Notes on 'Notes on "Counting Tree Nodes"'

July 17, 2014 James Adam

Having now finished watching Tom’s episode of Peer to Peer, I finally got around to reading his Notes on “Counting Tree Nodes” supplementary blog post. There are a couple of ideas he presents that are so interesting that I wanted to highlight them again here.

If you haven’t seen the video, then I’d still strongly encourage you to read the blog post. While I can now see the inspiration for wanting to discuss these ideas¹, the post really does stand on it’s own.

Notes on ‘Enumerators’

Here’s the relevant section of the blog post. Go read it now!

I’m not going to re-explain it here, so yes, really, go read it now.
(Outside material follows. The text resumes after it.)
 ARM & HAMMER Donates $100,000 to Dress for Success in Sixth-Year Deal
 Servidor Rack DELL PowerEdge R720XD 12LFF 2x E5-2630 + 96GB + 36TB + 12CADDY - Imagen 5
What I found really interesting here was the idea of building new enumerators by re-combining existing enumerators. I’ll use a different example, one that is perhaps a bit too simplistic (there are more concise ways of doing this in Ruby), but hopefully it will illustrate the point.

Let’s imagine you have an Enumerator which enumerates the numbers from 1 up to 10:

> numbers = 1.upto(10)
=> #<Enumerator: 1:upto(10)>
> numbers.next
=> 1
> numbers.next
=> 2
> numbers.next
=> 3
...
> numbers.next
=> 9
> numbers.next
=> 10
> numbers.next
StopIteration: iteration reached an end

You can now use that to do all sorts of enumerable things like mapping, selecting, injecting and so on. But you can also build new enumerables using it. Say, for example, we now only want to iterate over the odd numbers between 1 and 10.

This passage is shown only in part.